_MATERIALS PROVIDED:_
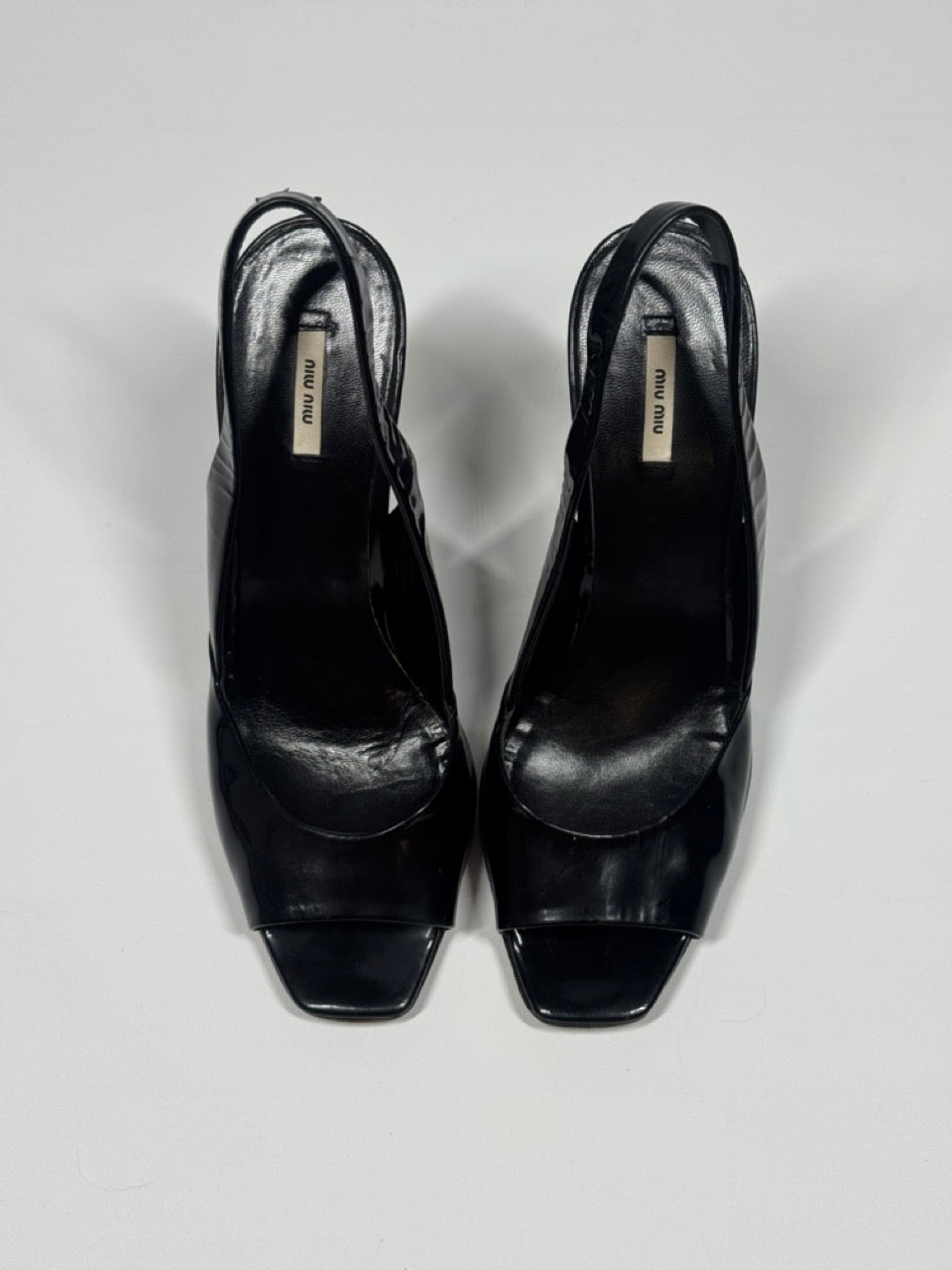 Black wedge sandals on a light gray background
...
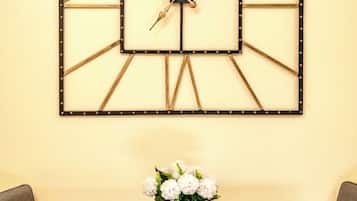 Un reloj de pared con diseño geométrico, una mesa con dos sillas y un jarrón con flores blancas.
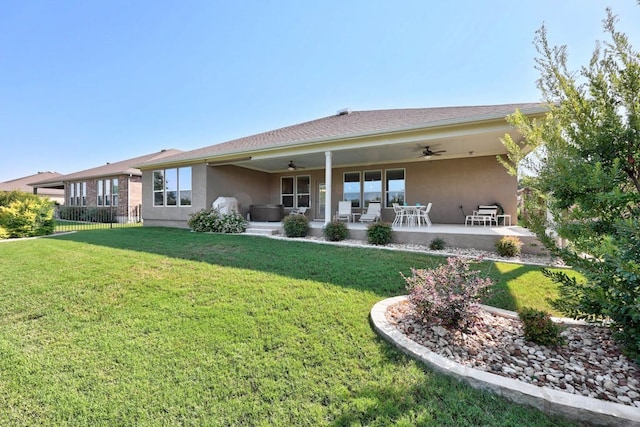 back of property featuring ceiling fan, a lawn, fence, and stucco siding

_WHAT TO PRODUCE:_
Taking the records above, print only and exactly the lines from the line with "Un reloj de" to the line with "back of property", both kept, and exclude pictures.

_REPLY TO THE TASK:_
 Un reloj de pared con diseño geométrico, una mesa con dos sillas y un jarrón con flores blancas.
 back of property featuring ceiling fan, a lawn, fence, and stucco siding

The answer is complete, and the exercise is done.